== What you will do ==
With both ends included, repeat exactly the lines of the entries below from the one containing "Quartet D Major KV285 - Cello" down to the one containing "Tambasasayama Day Trip", and no others.

== Input data ==

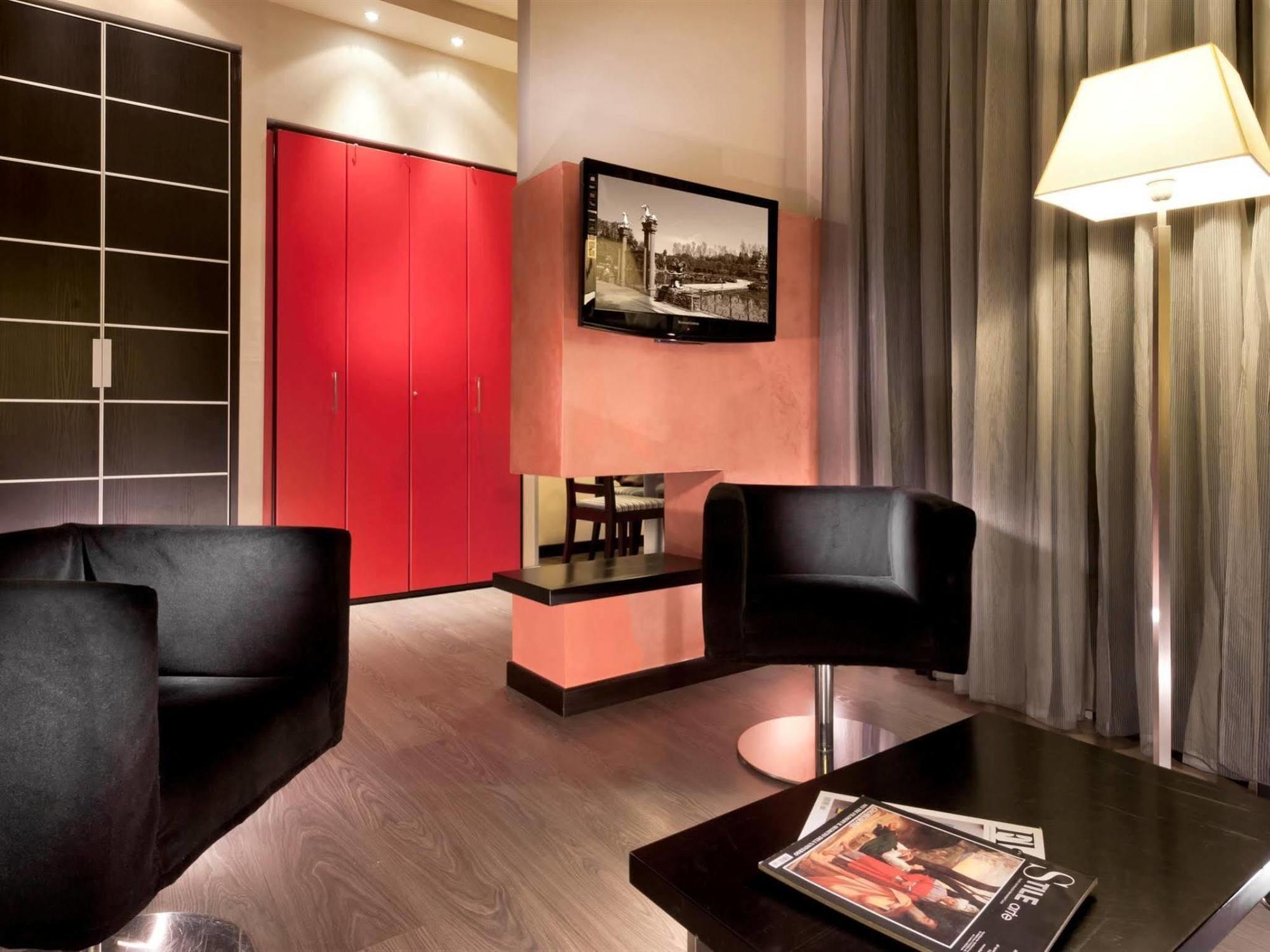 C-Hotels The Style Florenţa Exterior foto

--

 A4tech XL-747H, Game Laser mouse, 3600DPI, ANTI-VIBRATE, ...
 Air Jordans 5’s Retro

---

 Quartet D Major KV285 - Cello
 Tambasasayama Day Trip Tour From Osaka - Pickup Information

== Response to the task ==
 Quartet D Major KV285 - Cello
 Tambasasayama Day Trip Tour From Osaka - Pickup Information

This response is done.